Saturday, September 8, 2007

Fixing the Institution of "Church"

Mike responded to the "Why I don't go to church anymore" article with some very thoughtful and insightful comments. The main idea centered around the criticism that the author bailed instead of remaining in church and making it better.

Because we find ourself in the bailing position, I find I must defend it. ;-) To be part of the solution, you have to understand the problem AND have the right to address it. I can't go out to my car which is making a funny noise and fix the ball joint (or whatever!) because I don't understand the problem. I'm pretty much just left with a broken car. Some things about the broken church are like that. You go, the sermon sounds good, the music is nice, the people sing at the appropriate times and go through the appropriate motions...but Nobody's Home. The car just isn't going anywhere, and I don't know how to fix it. Staying in that car is silly and of no benefit to anyone.

The authority issue is even more important, though. I can't go to my neighbor's house and say, "Oh, your car is making a funny noise, let me fix that for you," and proceed unbidden to disassemble it and change parts. I can not go to the local church and begin telling people that their leaders are wrong about tithing. I don't have the right to do that. Yet that is a fundamental demonstation of a lack of understanding of the very reason Christ came, and it is an entry into something that will bring self reliance, sin and destruction. A very big broken thing, and it's not my place to fix it.

I think the institutional church is a profoundly broken thing in this phase of history--perhaps in all of history. Christ still moves and works there, but the structure itself thwarts growth. Contrast the experience of exploring your weaknesses and questions with your peers to doing so with your pastor. Especially if what you want to talk about and explore is what he is teaching--things he has already reached conclusions on, and informed you of. If my friend (MIKE!) has come to a conclusion that I don't share, there is no rub. We can keep talking and looking at the scripture and accept each other where we are, and share the goal of worshipping together in Spirit and in Truth. But if I am supposed to be following you, accepting what you say, then it really isn't okay if I don't see in the Bible what you see.
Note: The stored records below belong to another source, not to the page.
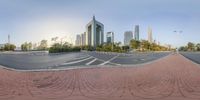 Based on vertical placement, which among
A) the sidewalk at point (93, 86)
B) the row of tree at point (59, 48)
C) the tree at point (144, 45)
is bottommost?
the sidewalk at point (93, 86)

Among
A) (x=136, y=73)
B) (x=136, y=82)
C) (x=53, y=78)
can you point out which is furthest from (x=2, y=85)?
→ (x=136, y=73)

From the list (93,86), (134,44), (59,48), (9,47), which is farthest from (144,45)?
(93,86)

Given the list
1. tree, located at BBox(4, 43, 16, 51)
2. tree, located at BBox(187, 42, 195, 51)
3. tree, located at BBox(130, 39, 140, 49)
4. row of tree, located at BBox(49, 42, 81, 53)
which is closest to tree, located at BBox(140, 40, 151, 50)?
tree, located at BBox(130, 39, 140, 49)

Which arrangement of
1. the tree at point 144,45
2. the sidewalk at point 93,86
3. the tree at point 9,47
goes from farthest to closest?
the tree at point 144,45 < the tree at point 9,47 < the sidewalk at point 93,86

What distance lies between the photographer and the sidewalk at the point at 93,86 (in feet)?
21.9

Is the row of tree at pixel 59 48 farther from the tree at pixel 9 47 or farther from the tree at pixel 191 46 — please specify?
the tree at pixel 191 46

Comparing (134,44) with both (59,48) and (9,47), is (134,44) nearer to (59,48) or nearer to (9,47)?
(9,47)

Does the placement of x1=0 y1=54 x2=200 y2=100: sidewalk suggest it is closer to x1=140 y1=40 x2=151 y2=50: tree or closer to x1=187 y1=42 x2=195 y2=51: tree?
x1=140 y1=40 x2=151 y2=50: tree

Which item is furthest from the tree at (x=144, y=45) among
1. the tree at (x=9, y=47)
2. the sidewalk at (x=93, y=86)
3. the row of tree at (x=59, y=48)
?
the sidewalk at (x=93, y=86)

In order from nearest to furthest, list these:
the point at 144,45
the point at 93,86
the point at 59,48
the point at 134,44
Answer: the point at 93,86, the point at 59,48, the point at 134,44, the point at 144,45

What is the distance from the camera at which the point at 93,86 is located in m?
8.16

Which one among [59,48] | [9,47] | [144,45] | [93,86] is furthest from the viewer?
[144,45]

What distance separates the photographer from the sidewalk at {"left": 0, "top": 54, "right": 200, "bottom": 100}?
669cm

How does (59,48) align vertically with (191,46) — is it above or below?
below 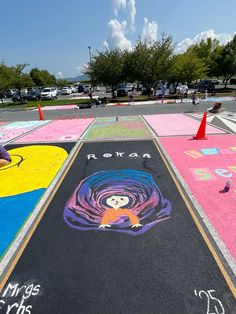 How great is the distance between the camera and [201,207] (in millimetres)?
6273

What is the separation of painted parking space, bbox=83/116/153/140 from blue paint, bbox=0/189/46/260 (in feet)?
23.9

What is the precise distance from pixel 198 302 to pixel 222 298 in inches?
15.3

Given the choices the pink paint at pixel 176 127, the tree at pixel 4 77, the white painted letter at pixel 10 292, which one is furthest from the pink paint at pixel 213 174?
the tree at pixel 4 77

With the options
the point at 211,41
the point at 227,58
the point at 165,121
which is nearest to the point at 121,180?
the point at 165,121

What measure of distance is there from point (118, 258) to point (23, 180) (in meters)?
5.18

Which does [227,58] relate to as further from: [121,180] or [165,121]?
[121,180]

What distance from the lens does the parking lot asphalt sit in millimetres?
3896

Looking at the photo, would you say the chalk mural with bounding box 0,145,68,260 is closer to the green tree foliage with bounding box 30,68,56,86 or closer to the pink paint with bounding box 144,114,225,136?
the pink paint with bounding box 144,114,225,136

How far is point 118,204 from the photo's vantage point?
652 centimetres

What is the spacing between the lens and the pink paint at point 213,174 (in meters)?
5.62

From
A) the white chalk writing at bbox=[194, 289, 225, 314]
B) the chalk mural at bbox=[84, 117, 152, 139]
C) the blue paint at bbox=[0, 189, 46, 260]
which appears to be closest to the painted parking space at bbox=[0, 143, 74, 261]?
the blue paint at bbox=[0, 189, 46, 260]

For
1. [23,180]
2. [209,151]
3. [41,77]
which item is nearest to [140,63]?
[209,151]

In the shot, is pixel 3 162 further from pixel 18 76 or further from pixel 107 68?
pixel 18 76

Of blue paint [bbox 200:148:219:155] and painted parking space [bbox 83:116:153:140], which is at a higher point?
blue paint [bbox 200:148:219:155] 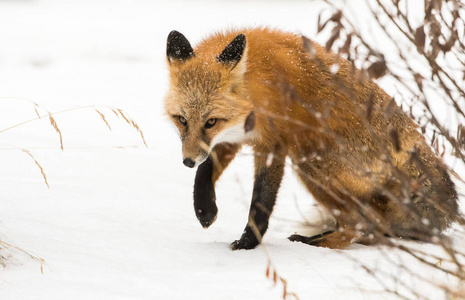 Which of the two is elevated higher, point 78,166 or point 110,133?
point 78,166

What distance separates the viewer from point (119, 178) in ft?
17.3

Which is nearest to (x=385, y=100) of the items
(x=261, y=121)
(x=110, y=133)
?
(x=261, y=121)

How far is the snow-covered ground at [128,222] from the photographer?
287 centimetres

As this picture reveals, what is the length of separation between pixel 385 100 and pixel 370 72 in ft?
7.20

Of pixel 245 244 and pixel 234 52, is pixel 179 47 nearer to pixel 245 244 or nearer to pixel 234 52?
pixel 234 52

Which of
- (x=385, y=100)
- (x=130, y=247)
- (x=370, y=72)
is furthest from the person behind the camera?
(x=385, y=100)

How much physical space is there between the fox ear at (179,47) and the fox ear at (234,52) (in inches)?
12.3

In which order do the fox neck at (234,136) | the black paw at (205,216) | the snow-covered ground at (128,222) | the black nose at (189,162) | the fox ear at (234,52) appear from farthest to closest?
1. the black paw at (205,216)
2. the fox neck at (234,136)
3. the fox ear at (234,52)
4. the black nose at (189,162)
5. the snow-covered ground at (128,222)

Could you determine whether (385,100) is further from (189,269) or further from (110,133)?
(110,133)

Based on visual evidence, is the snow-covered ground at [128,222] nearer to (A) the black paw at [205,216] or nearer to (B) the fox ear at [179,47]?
(A) the black paw at [205,216]

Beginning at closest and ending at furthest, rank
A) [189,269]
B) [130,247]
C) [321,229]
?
[189,269] < [130,247] < [321,229]

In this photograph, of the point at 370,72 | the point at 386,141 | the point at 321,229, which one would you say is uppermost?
the point at 370,72

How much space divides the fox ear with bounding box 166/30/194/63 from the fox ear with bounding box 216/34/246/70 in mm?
313

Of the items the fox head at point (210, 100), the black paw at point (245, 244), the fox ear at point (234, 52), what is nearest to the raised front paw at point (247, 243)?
the black paw at point (245, 244) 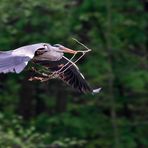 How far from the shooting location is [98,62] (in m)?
9.04

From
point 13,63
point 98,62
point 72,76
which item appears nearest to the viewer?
point 13,63

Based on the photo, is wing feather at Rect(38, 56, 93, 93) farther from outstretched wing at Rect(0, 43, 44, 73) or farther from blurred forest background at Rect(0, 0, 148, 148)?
blurred forest background at Rect(0, 0, 148, 148)

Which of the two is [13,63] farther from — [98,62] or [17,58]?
[98,62]

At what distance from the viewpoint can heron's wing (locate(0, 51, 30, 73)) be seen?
2.55 metres

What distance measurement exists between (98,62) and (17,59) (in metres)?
6.43

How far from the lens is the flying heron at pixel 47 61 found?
261cm

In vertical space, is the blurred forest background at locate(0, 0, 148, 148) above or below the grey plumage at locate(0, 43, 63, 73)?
below

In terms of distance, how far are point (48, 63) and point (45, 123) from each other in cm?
636

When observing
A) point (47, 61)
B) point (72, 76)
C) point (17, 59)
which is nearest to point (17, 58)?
point (17, 59)

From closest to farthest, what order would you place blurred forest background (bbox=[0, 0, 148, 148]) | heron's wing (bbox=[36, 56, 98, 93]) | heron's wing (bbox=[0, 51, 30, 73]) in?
1. heron's wing (bbox=[0, 51, 30, 73])
2. heron's wing (bbox=[36, 56, 98, 93])
3. blurred forest background (bbox=[0, 0, 148, 148])

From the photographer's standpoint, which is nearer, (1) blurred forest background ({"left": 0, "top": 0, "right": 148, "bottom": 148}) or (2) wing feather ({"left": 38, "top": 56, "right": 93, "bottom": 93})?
(2) wing feather ({"left": 38, "top": 56, "right": 93, "bottom": 93})

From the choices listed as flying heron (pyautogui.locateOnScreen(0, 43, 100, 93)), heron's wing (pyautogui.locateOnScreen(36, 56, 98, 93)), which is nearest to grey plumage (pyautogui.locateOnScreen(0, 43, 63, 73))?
flying heron (pyautogui.locateOnScreen(0, 43, 100, 93))

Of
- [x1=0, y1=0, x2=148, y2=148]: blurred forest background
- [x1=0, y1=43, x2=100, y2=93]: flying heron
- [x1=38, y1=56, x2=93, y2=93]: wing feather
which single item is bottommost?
[x1=0, y1=0, x2=148, y2=148]: blurred forest background

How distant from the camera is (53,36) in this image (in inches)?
356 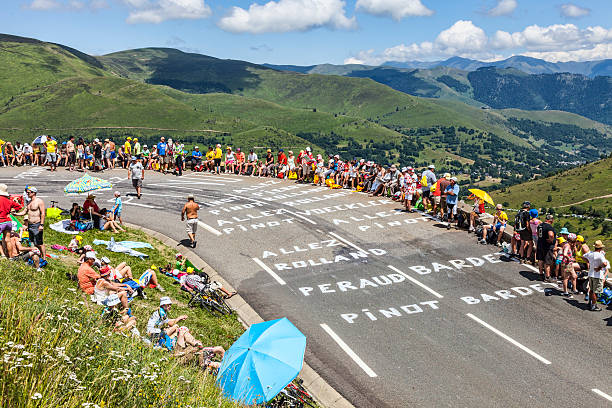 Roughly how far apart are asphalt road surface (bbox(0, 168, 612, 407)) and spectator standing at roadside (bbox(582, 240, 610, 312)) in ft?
1.23

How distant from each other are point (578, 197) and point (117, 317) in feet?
545

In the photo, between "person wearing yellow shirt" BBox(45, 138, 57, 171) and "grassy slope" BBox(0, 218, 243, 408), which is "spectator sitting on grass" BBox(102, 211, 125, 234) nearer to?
"grassy slope" BBox(0, 218, 243, 408)

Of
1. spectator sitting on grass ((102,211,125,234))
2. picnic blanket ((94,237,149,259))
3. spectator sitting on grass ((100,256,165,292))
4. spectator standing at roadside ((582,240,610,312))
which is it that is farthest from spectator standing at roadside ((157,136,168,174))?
spectator standing at roadside ((582,240,610,312))

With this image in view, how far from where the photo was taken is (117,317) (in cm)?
1052

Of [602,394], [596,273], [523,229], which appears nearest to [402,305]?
[602,394]

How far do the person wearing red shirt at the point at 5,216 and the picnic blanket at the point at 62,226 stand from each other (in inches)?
177

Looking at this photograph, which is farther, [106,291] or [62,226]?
[62,226]

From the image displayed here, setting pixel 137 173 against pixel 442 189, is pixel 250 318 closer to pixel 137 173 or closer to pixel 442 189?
pixel 442 189

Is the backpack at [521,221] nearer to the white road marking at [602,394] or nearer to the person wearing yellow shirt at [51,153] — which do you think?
the white road marking at [602,394]

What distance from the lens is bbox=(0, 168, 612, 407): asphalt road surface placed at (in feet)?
34.2

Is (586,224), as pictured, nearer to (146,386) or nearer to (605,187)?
(605,187)

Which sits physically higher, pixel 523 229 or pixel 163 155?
pixel 163 155

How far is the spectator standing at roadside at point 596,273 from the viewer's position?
13586mm

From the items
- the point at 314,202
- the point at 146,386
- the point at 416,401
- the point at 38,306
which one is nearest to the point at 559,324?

Once upon a time, we were part of a church that had a pastor that was an exceptional teacher. He could lay out a logical sermon like nobody's business. But, by his own testimony, God called him to *pastor* a *relational church.* In short, God was asking him to go beyond the transparency that he was very good with, to even loving people. Listening to them, spending time with them, sharing lives with them. This pastor wrestled and wrestled with God over this, sometimes declaring that God wanted him to engage in it and that he was committed to following, sometimes declaring that it just wasn't who he was and he wasn't going to do it. Which is how our struggles go, wouldn't you say?

The gentile church structure that we engage in totally messed this guy up, separating him from a support structure. As his traveling companions and co-ministers in Christ, we spoke the gentle word of the Father to him, encouraging him to trust and obey. That is our job in each other's lives. However, you cannot encourage your pastor to better love his congregation without a number of people being very mad at you for "touching the Lord's annointed." And of course it is messy, because we do hope that our pastors can be spiritual fathers to us, and it is a personal loss when they are not. But that aside, if we had nothing to gain from his obedience, it was still the will of God that he care for others.

Now, if we stay in relationship that is fettered with the heirarchical approach of traditional church organizations, is there any way to really be of benefit to this man? No, to call him to obey the voice of God is insubordination. It doesn't work because pride is involved, and expectations.

How can a structure that promotes and praises men when they do well encourage believers to mature by dying to themselves and becoming more abased? How in the world is a disciple to grasp "the last shall be first" when the greatest among us is not the servant of all? I hope I don't sound ungrateful to the hard work that preachers and pastors do, I have great admiration for their devotion. But I feel for them. The church machine runs the opposite way they are trying to go. They need to lead people into relationship: the form tends to isolate them from truly sharing their lives. They need to lead people into laying down their lives, but the form puts their name in lights and says wear the right suit.

Mike also points out that if you pull your hand from the hot stove and leave the building, sometimes the building bursts into flames and causes destruction. He encourages folks to stay in and be caring, concerned builders that would make the building sound. My feeling is often that the building is already in blazes and my emotions are not of calm concern but of alarm when I see what is happening in church. Hard to function helpfully in the burning building.

3 comments:

Mike Wilday said...

Wait a minute!!! I was NOT being stiff necked. Abby and I are feeling so similar to you and chuck without the leaving the church part. We are desperately trying to be real and honest with people in the church and to create open and honest relationships with people. Please do not dump me in with church leadership.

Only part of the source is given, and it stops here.